Kippour s'articule autour de deux séquences, impressionnantes.
La première est un trajet chaotique en voiture des deux personnages que l'on suivra pendant deux heures. Traversant Israël pour rejoindre ce conflit qui a éclaté par surprise, le film montre à merveille l'excitation mélangée à la peur des réservistes, l'envie d'en découdre mêlée à celle de ne pas mourir. Il montre également, lors d'un plan séquence en voiture mémorable, les conséquences sur l'organisation de cette attaque surprise ; une armée prise au dépourvu, une cohue d'humains perdus, courant dans tous les sens, rythmée par les bombardements qui menacent au loin.
La seconde est une virée en hélicoptère depuis lequel Amos Gitai filme le Golan meurtri, déformé, strié par les chenilles de chars désorientés, embourbés dans un champ de bataille boueux et apocalyptique. Puis une roquette atteint l'hélicoptère, tuant et blessant, avant que celui-ci ne s'écrase. Cette scène, là encore en un plan séquence impressionnant, prend aux tripes, ne nous donnant qu'un point de vue interne, étouffant le spectaculaire pour mieux lui faire sentir l'angoisse et la perte de repères.

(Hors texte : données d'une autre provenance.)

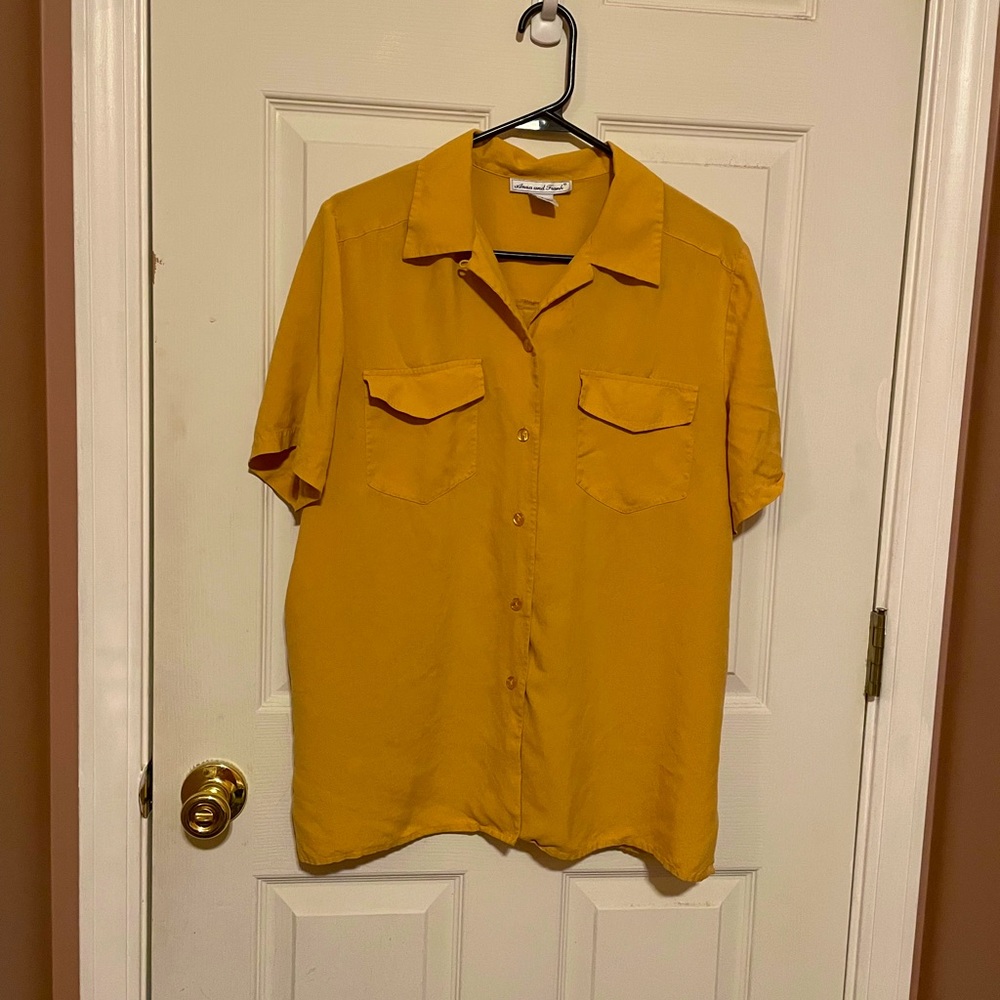 Mustard yellow button up shirt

C'est la recette de ce film ; longs plans séquences et refus du spectaculaire, silence des hommes mais bruit assourdissant des machines.
Kippour ne se concentre pas sur le conflit, ne montrant à aucun moment l'ennemi, donnant parfois l'impression d'un conflit schizophrénique (des chars tirant dans le vide), mais sur ses conséquences ; les blessés, les morts, les traumas psychologiques. Gitai raconte en effet, près de 30 ans après, sa propre expérience en tant que soldat dans ce film qu'il veut très personnel.
Dommage que le film sacrifie son art de l'immersion et sa puissance visuelle par une forme radicale (des plans séquences beaucoup trop longs), une extrême lenteur et une absence de récit et d'enjeux qui rendent la plupart du temps son Kippour trop âpre, par une volonté permanente de tout désamorcer.